BUSINESS

Gov’t to prove to creditors it can succeed in its bond issue

By Sotiris Nikas

International money markets may be sending positive signals, but Greece’s creditors have yet to give the green light for the government to return to a normal pattern of borrowing from market investors.

While potential bond buyers appear willing to revert to buying “Greek risk,” the troika – i.e. the representatives of the European Commission, the European Central Bank and the International Monetary Fund – is putting up obstacles in the way of the government and the markets by demanding guarantees that such an endeavor will succeed.

The Finance Ministry intends to supply such guarantees, according to senior officials who told Kathimerini that investor pressure for a new Greek bond are strong.
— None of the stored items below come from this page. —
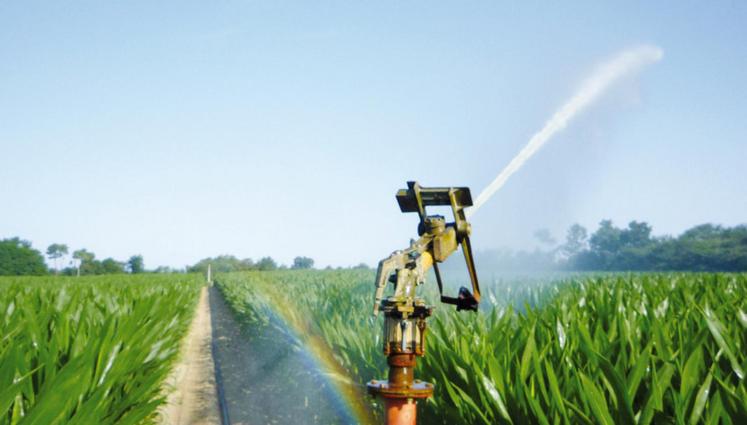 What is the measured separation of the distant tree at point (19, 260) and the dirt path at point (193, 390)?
112m

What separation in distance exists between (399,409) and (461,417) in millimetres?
881

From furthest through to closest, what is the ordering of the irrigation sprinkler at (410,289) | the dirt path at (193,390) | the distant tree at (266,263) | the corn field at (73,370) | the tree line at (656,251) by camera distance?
the distant tree at (266,263) < the tree line at (656,251) < the dirt path at (193,390) < the corn field at (73,370) < the irrigation sprinkler at (410,289)

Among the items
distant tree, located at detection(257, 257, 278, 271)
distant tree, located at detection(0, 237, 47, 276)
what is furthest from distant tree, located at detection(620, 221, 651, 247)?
distant tree, located at detection(0, 237, 47, 276)

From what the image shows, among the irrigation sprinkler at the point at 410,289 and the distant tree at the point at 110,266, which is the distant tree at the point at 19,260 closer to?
the distant tree at the point at 110,266

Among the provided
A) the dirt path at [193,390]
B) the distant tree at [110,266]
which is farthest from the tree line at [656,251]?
the distant tree at [110,266]

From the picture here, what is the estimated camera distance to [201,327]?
1723cm

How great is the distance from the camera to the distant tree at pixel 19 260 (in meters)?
106

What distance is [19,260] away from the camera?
4257 inches

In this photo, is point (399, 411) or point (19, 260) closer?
Result: point (399, 411)

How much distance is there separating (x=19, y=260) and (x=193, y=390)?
119 meters

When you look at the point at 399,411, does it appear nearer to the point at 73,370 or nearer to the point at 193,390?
the point at 73,370

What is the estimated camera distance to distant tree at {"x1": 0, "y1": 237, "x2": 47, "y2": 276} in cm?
10644

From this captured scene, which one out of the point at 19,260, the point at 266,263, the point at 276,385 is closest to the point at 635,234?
the point at 266,263

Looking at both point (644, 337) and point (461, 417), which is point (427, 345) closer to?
point (461, 417)
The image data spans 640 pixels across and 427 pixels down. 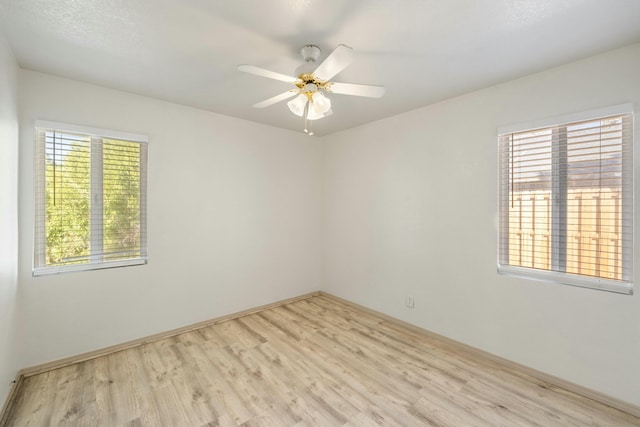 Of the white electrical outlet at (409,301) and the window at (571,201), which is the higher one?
the window at (571,201)

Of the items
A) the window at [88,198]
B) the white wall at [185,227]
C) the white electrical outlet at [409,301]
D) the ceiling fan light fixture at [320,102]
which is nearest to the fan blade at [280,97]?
the ceiling fan light fixture at [320,102]

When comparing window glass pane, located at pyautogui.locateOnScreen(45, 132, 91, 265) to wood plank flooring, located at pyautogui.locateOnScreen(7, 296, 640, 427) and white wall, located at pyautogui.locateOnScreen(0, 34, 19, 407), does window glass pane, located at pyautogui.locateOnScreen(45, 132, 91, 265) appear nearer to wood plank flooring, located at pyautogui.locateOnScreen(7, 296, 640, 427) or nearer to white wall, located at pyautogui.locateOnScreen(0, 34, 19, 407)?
white wall, located at pyautogui.locateOnScreen(0, 34, 19, 407)

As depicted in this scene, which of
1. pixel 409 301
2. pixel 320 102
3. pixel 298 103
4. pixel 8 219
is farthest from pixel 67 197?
pixel 409 301

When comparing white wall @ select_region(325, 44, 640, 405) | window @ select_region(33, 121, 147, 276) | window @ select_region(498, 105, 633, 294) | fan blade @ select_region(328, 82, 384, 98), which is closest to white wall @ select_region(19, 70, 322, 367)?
window @ select_region(33, 121, 147, 276)

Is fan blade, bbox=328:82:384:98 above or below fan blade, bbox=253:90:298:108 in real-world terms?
below

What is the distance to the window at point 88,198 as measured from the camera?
226 centimetres

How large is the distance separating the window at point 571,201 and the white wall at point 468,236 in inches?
3.1

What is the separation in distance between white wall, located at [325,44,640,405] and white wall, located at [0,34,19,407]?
3.22 meters

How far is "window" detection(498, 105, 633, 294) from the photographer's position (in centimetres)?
189

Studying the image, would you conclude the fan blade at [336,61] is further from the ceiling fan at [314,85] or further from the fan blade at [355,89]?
the fan blade at [355,89]

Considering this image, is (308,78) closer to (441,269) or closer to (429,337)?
(441,269)

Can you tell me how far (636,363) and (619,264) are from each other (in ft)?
2.15

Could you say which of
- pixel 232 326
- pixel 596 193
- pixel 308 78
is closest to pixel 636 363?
pixel 596 193

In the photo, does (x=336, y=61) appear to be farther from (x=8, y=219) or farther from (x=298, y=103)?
(x=8, y=219) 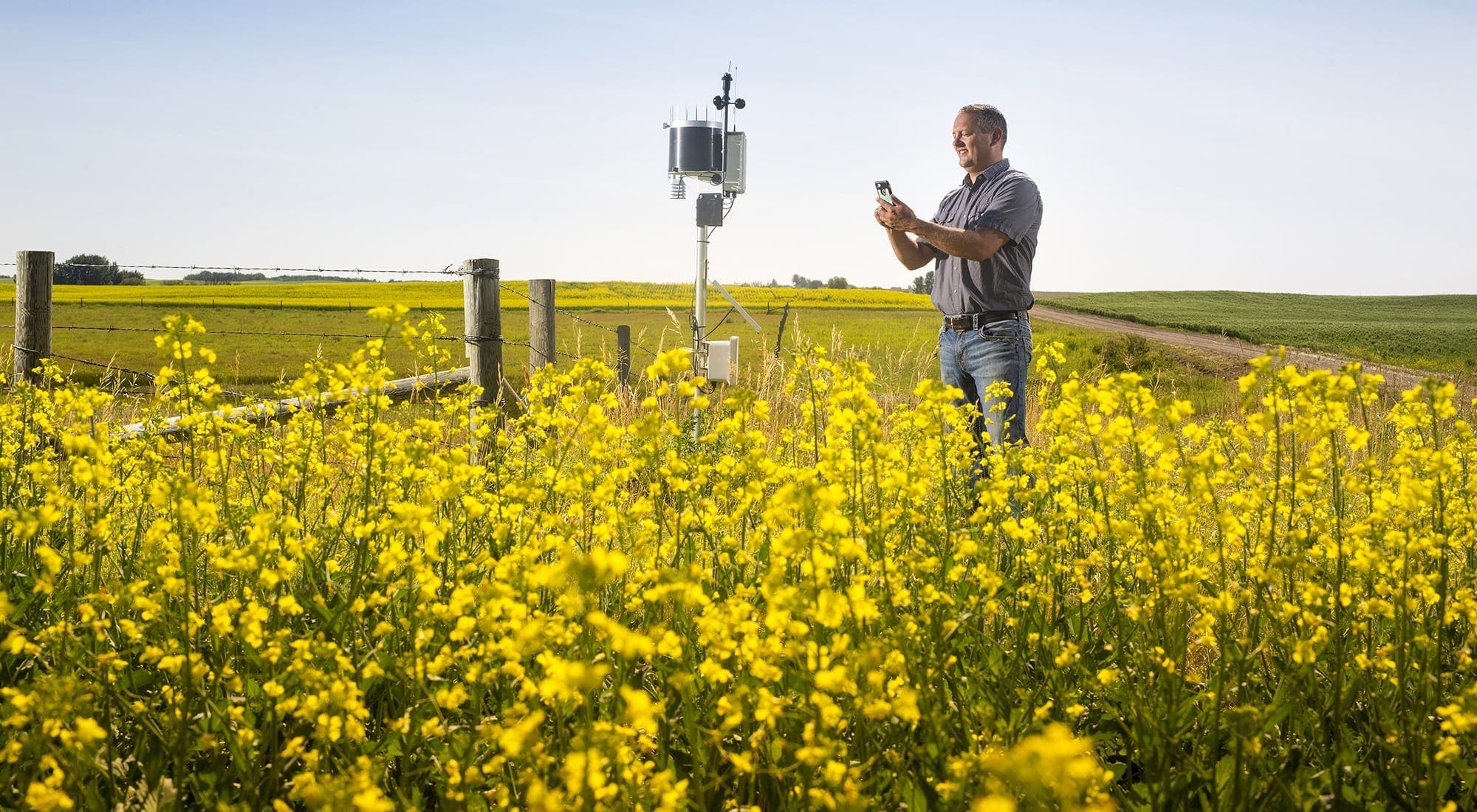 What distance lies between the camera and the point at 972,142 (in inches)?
192

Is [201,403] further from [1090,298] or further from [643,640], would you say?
[1090,298]

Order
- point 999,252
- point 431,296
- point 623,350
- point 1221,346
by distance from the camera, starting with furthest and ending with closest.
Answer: point 431,296 → point 1221,346 → point 623,350 → point 999,252

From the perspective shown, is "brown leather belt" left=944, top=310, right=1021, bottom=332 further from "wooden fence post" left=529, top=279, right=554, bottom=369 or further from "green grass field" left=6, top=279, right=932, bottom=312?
"green grass field" left=6, top=279, right=932, bottom=312

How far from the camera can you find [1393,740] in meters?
2.04

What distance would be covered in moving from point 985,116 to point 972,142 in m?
0.13

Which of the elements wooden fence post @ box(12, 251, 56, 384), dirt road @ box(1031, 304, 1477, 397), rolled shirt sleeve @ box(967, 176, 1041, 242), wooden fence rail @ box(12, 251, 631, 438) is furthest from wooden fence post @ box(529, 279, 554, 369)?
dirt road @ box(1031, 304, 1477, 397)

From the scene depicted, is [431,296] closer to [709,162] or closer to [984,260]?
[709,162]

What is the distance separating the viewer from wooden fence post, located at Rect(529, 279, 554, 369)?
697cm

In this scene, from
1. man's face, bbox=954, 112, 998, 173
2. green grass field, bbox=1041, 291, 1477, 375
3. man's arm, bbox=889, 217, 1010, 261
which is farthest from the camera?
green grass field, bbox=1041, 291, 1477, 375

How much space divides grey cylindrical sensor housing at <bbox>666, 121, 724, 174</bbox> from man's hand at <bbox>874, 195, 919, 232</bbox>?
2.60 m

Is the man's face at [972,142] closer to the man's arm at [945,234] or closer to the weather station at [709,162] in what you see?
the man's arm at [945,234]

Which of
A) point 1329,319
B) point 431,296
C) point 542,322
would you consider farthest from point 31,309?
point 1329,319

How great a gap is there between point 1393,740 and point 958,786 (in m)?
0.87

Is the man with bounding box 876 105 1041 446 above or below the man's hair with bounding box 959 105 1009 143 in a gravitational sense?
below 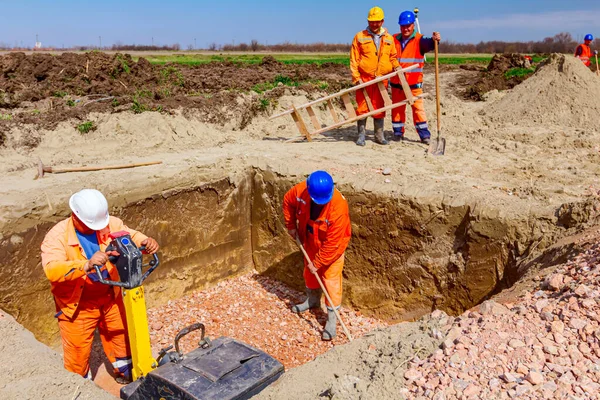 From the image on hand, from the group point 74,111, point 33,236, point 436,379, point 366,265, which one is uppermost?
point 74,111

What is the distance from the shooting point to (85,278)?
4.04m

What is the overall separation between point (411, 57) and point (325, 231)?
4033 millimetres

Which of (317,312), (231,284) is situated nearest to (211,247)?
(231,284)

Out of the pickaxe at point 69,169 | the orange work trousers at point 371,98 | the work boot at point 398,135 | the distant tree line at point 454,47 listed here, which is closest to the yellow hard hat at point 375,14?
the orange work trousers at point 371,98

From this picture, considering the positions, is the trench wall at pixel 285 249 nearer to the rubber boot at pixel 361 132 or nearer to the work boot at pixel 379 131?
the rubber boot at pixel 361 132

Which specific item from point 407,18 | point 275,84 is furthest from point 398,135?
point 275,84

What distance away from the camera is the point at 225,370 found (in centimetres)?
306

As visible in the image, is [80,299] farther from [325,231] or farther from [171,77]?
[171,77]

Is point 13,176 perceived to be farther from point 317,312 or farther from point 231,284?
point 317,312

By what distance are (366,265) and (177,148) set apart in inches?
150

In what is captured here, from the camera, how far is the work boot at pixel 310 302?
625 cm

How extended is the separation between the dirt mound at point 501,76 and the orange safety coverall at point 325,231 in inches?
395

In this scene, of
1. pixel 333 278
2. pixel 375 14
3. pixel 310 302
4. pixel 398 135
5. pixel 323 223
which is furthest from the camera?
pixel 398 135

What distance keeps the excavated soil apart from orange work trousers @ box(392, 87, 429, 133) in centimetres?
37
With the yield of the benchmark 10-year bond dropping below 7 percent for the first time since Greece entered the bailout mechanism, it appears that “the markets have started pricing in a new issue of five-year bonds during April,” a London-based analysts told Kathimerini. The same source added that as long as there is no particularly negative news coming from Greece, the government could safely issue five-year bonds in April and the interest rate could even drop below 6 percent. As an example of the kind of news that may be potentially damaging, the same analyst cited the possibility of a 1-billion-euro hole appearing in the budget if the government has to pay back money slashed from the salaries of certain categories of civil servants after the Council of State deemed them unconstitutional.

Ministry officials insist that any attempt to tap the global markets will only take place in the second half of the year, but sources close to the prime minister have not ruled out the possibility of a bond issue even before the May European and local elections.

Regardless of when that attempt takes place, Athens will first have to persuade its creditors that it will be successful. The troika disagrees on Greece’s return to the markets, using the argument that the economy still lacks the conditions for a successful bond issue.

In this context the Finance Ministry is expected in the next few days to present the troika with the guarantees needed to prove that a five-year issue of 1.5-2 billion euros can succeed. That should serve to prove the extent to which the troika’s opposition is genuinely based on financial concerns or has other, political motives.